While we celebrated this week – along with our sister GDST schools – the anniversary of 100 years of (some) British women winning the right to vote, a review of sex discrimination law in the UK published by the Fawcett Society is perhaps a useful reminder that there remains much to be done in terms of equality. The review (https://www.fawcettsociety.org.uk/sex-discrimination-law-review-final-report) focuses on the law as it relates to Brexit, women in the workplace, violence against women and girls, promoting equality, and access to justice. It recommends:
• Reintroducing employee protections against harassment from third parties.
• Introducing a statutory right to reasonable time off and facilities for breastfeeding.
• Making statutory maternity, paternity and shared parental pay ‘Day 1’ rights, and increasing their value so they are paid at the equivalent of Real Living Wage based on a 36-hour week.
• Extending paternity leave to six weeks, paid at 90% of earnings and available any time in the year after birth.
• Extending protection for maternity discrimination to last for six months after a period of maternity or parental leave.
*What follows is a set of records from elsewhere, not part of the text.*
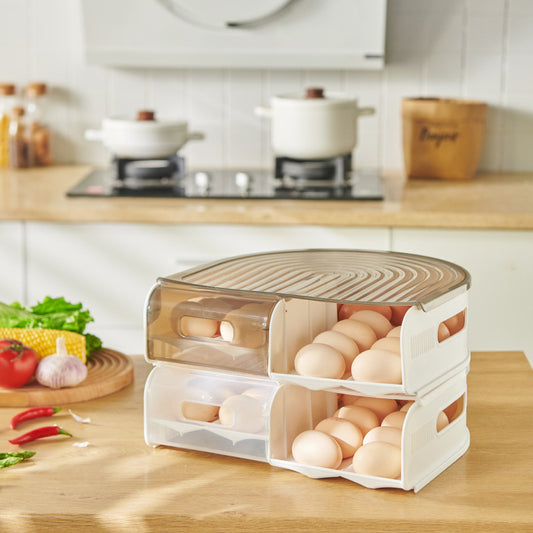 Stackable U-shaped egg storage box with multi-layer kitchen organizer design.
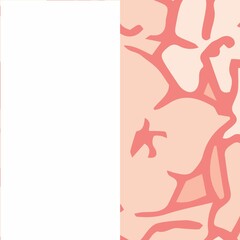 Displaying flat design coral-like red branching shapes on pale peach with white panel, copy space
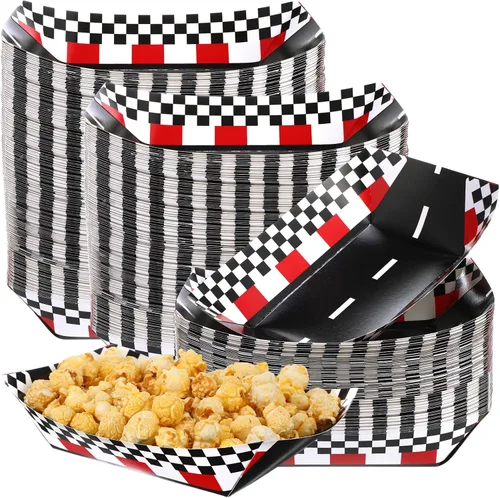 Miniatura 10 de Havawish 50 bandejas de papel de carreras, bandejas de comida a cuadros para nachos, desechables, para fiestas de carreras, barco, bandeja de servir
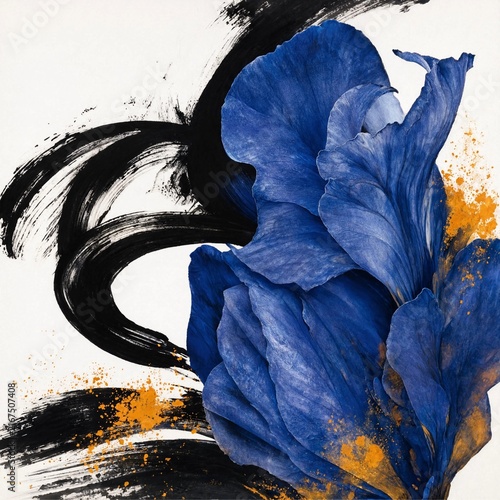 Abstract Blue Flower with Black Brush Strokes and Orange Accents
• Introducing a Code of Practice for work place dress codes to cover dress code requirements placed on women that are unlikely to be applicable to men (for example high heels).
• Reintroduction of Equal Pay Questionnaires, and a focus on equal pay in Employment Tribunal actions, including requiring Employment Tribunals to order equal pay audits where any finding is made of unequal pay or discrimination.
• Introduction of equal pay audits to be published every three years by employers with more than 250 employees and made publically available.
The review also makes a number of recommendations in relation to Gender Pay Gap Reporting (GPGR). From April 2018, employers with over 250 employees must publish details of their gender pay gap. The Fawcett review recommends lowering the reporting threshold so that by 2020 the obligation falls on employers with more than 50 employees.
Whether the review recommendations will be implemented remains to be seen, but in themselves they are a helpful indication of the equality issues our daughters will potentially encounter in the workplace and which – if they are to be resolved – will require of them much of the same determined spirit as their suffragette predecessors.